Your instructions: An exact transcription of the entries is required, with no images included.

-------

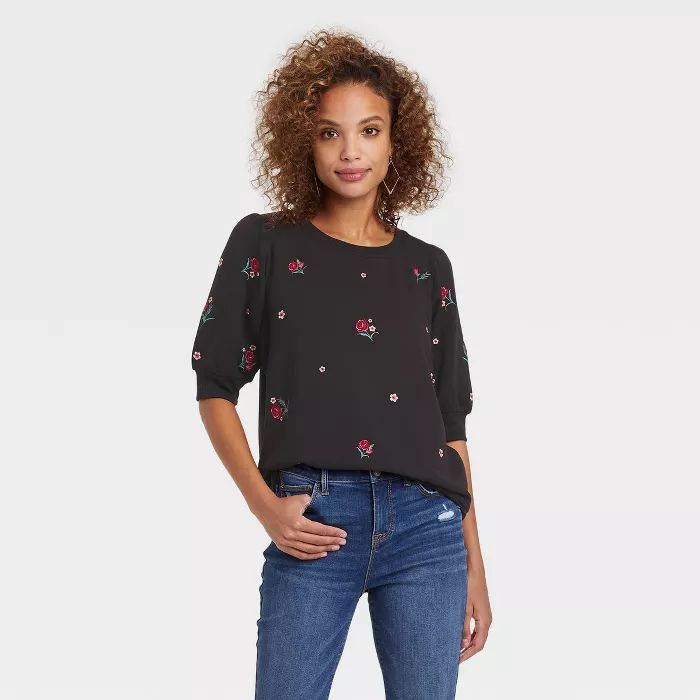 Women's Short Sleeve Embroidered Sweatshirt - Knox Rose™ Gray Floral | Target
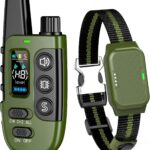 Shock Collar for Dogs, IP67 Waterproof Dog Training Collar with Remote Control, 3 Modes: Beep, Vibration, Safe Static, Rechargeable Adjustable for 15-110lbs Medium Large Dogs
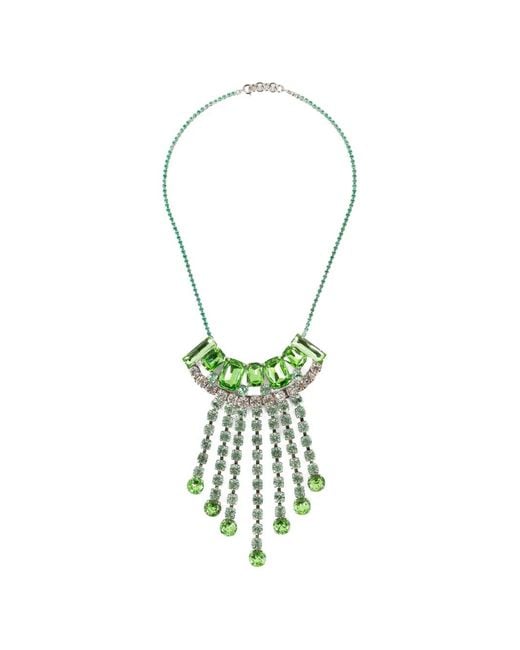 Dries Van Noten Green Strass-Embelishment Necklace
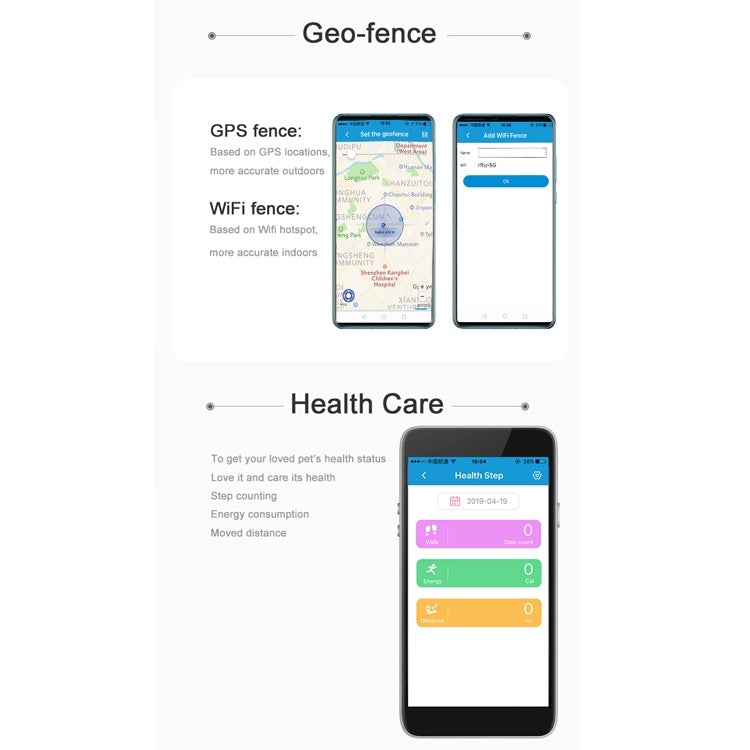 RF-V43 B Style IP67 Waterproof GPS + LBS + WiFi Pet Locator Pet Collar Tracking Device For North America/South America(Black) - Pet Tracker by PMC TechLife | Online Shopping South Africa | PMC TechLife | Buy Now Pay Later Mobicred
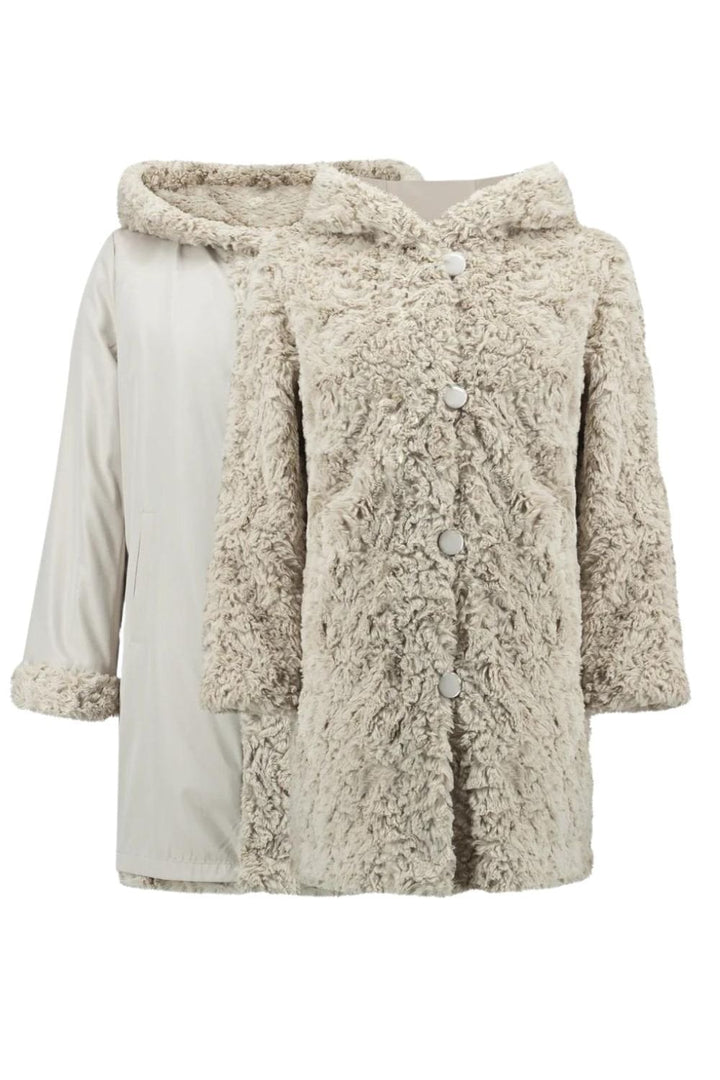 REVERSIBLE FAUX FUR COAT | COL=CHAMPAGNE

-------

Result:
 Women's Short Sleeve Embroidered Sweatshirt - Knox Rose™ Gray Floral | Target
 Shock Collar for Dogs, IP67 Waterproof Dog Training Collar with Remote Control, 3 Modes: Beep, Vibration, Safe Static, Rechargeable Adjustable for 15-110lbs Medium Large Dogs
 Dries Van Noten Green Strass-Embelishment Necklace
 RF-V43 B Style IP67 Waterproof GPS + LBS + WiFi Pet Locator Pet Collar Tracking Device For North America/South America(Black) - Pet Tracker by PMC TechLife | Online Shopping South Africa | PMC TechLife | Buy Now Pay Later Mobicred
 REVERSIBLE FAUX FUR COAT | COL=CHAMPAGNE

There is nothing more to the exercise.